## Action item
Return exactly, with nothing added, the lines from the one that contains "Svartvit bild på" through the end of the listing below, pictures excluded.

## Available data
__________
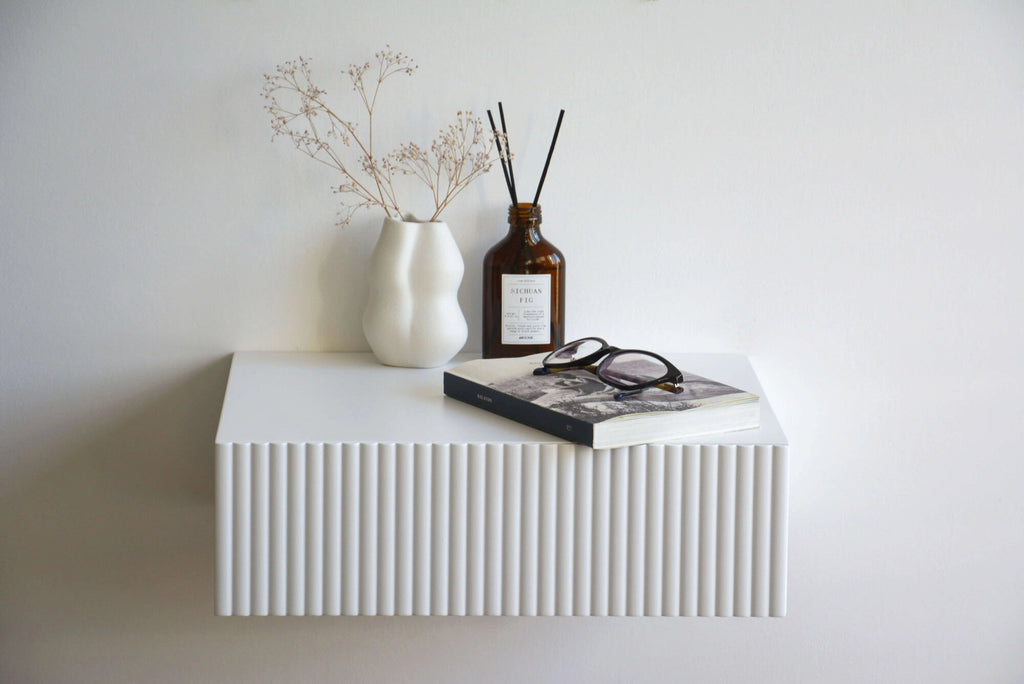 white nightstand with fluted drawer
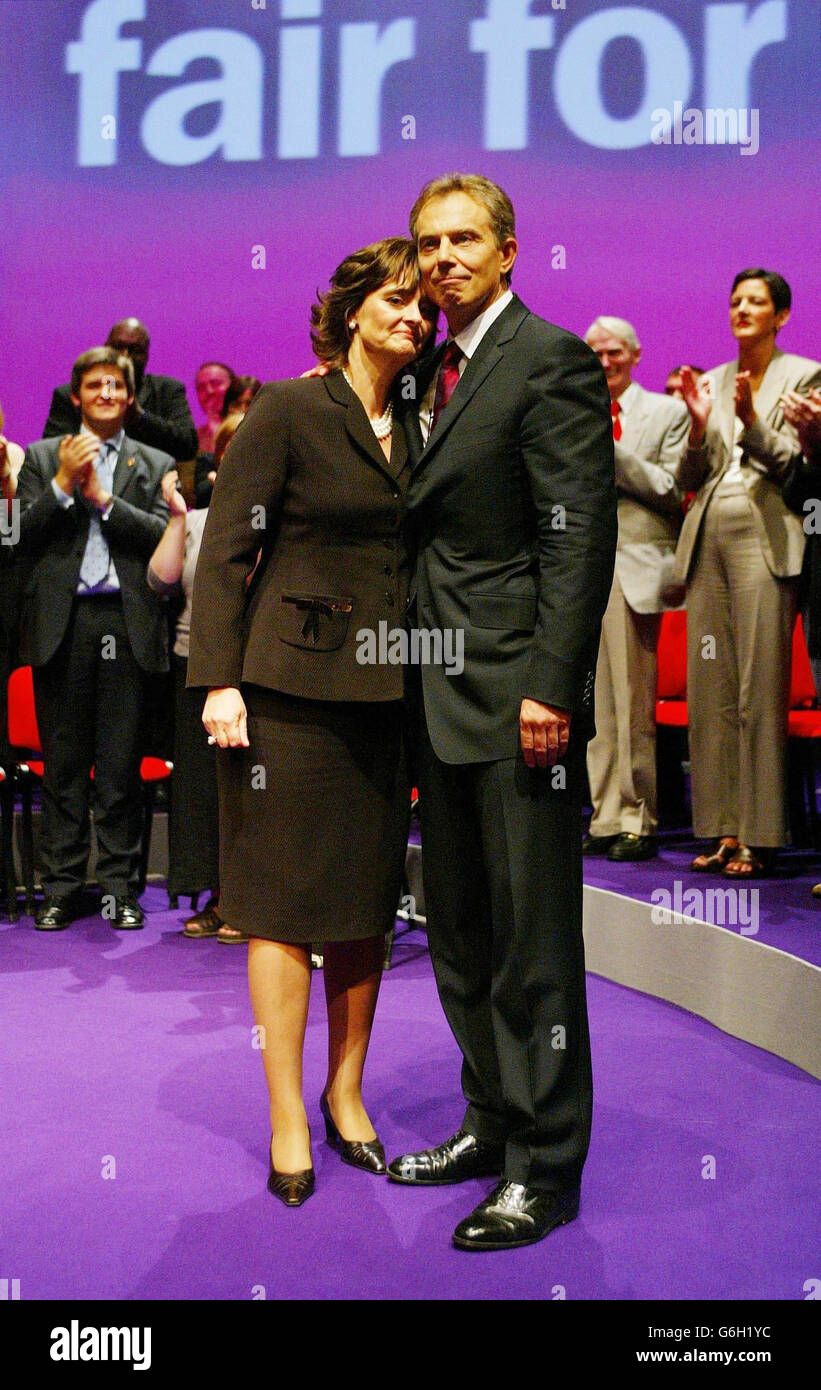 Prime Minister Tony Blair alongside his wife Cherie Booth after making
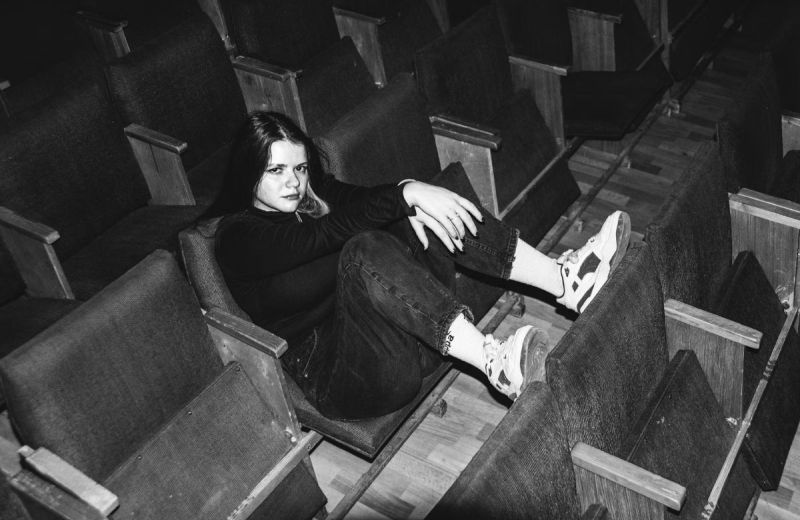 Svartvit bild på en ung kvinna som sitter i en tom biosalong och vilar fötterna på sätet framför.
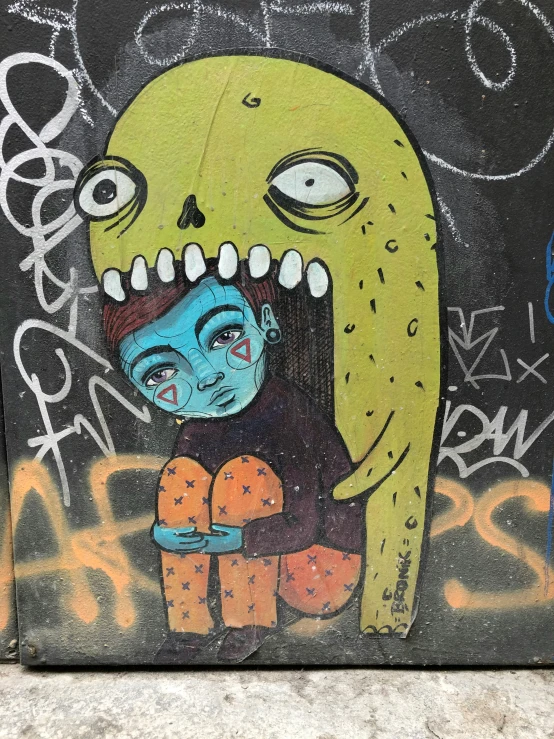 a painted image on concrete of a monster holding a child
__________
## Exercise solution
 Svartvit bild på en ung kvinna som sitter i en tom biosalong och vilar fötterna på sätet framför.
 a painted image on concrete of a monster holding a child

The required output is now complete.